Economics is the study of scarcity. Scarcity is the title and subject of a new book by Eldar Shafir and Sendhil Mullainathan, an book with powerful and new ideas that extend beyond economics to psychology, public finance, and sociology. Drawing on existing and original research from around the world, Mullainathan and Shafir reframe our understanding of poverty by showing that scarcity in and of itself can unusually influence decision-making.

Here’s the paperback.

Utility: ⭐⭐⭐⭐⭐ (5/5)

The content meets the expectations set by the ambitious title. Mullainathan and Shafir have documented a systematic but previously overlooked psychological phenomenon and provided a novel lens to analyze public policy. The theoretical section explains and justifies ideas, packed with research from the mall, the hood, and the slums of India.
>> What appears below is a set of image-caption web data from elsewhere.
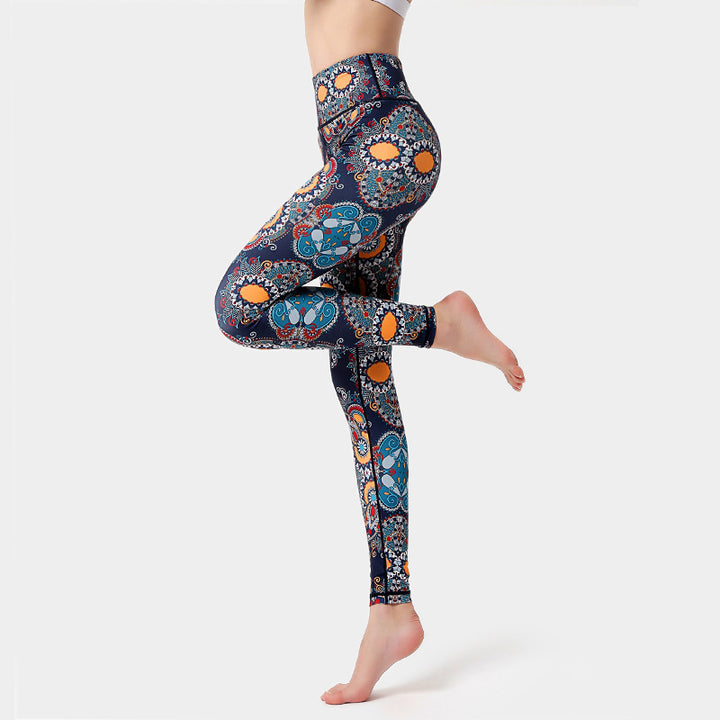 Buddha Stones Liście Ptaki Nadruk Spodnie Sport Fitness Joga Taniec Legginsy Damskie Spodnie do Jogi - Pomarańczowy Czarny Niebieski - US8-10, UK/AU12-14, EU40-42 (XL) - image 0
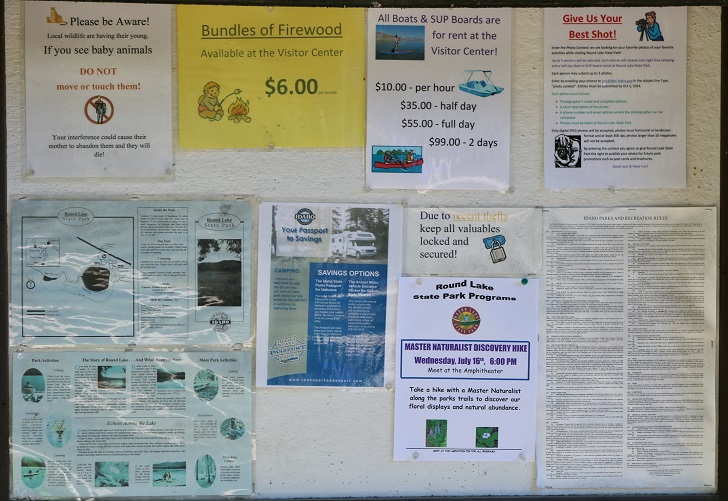 Informational signs at Round Lake State Park.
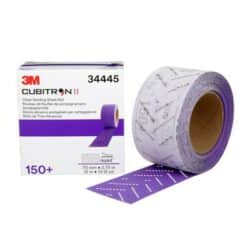 3M™ Cubitron™ II Hookit™ Clean Sanding Sheet Roll 34445, 150+ grade, 70 mm x 12 m, 5 rolls per case image 3M™ Cubitron™ II Hookit™ Clean Sanding Sheet Roll 34445, 150+ grade, 70 mm x 12 m, 5 rolls per caseimage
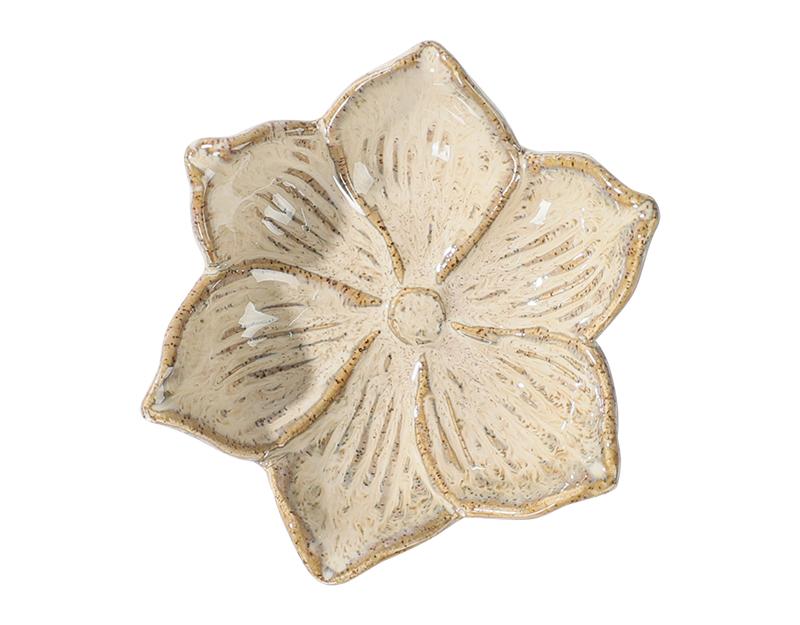 Photo n°1 du produit Coupelle céramique fleur beige 10x9x4cm-630C10-0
The policy analysis section could have been longer, but it nonetheless communciates important ideas for policymakers.

Writing: ⭐⭐⭐⭐⭐ (5/5)

The writing was splendid. The authors have a talent for speaking to a general audience. The stories were both intellectually compelling and genuinely touching. Although the theory occasionally slows down, it never felt annoying or boring.

Notes

Scarcity

Scarcity is the feeling someone has when they have less of a resource than they perceive they need. While scarcity is most obvious for time and money, other resources - from food (for dieters) or friends (for loners) - can also be scarce.

The Upside

Individuals under scarcity experience an important advantage: the focus dividend. They become adept at the task at hand, i.e. managing the scarce resource. In field studies, people in poverty are better at making “rational” monetary assessments and avoiding behavioral issues common among the wealthy. However, the narrow upside is outside by…

The Downsides

There are two negative consequences of scarcity. The first is tunneling. People focus on the task at hand at the expense of other issues. For example, an Indian farmer focused on finding money to buy a gift for a family friend won’t think 1 year down the line. As a result, they make suboptimal spending decisions that keep them in debt.
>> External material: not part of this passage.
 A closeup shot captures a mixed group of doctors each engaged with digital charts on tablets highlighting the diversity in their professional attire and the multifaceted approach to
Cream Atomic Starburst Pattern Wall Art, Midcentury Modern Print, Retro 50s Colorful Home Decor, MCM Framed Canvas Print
The second cost is the bandwidth tax. Scarcity inhibits mental capabilities writ large, including fluid intelligence and executive control. One study found that simply inducing the poor to think about a $1,000 expense causes them to lose 13-14 IQ points on a subsequent test, an effect that doesn’t exist for the rich.

Traps

Everyone experiences shocks in life. A relative may pass away or a natural disaster may cause damage. The wealthy can weather these shocks because they have slack - an excess of resources. When they make a poor purchase, they aren’t forced to borrow.

The poor, who lack slack, have to borrow money whenever a shock hits. And, just as they resolve one crisis, they have to address the next, borrowing yet again. The end up juggling crisis after crisis.

Policies

The poor are not poor (exclusively) because of their character. They are poor in part because being poor itself imposes psychological costs that inhibit planning, critical thinking, and self-control.

Policies can seek to decrease the cost of inattentiveness by making smart defaults, like automatic saving schemes. Programs can also bring good decisions inside the tunnel. One program partnered with banks to give shoppers at a supermarket the chance to buy “savings cards” at the till, which would deposit money into their savings account. Nudge-style interventions are an appropriate response to these unique behavioral issues.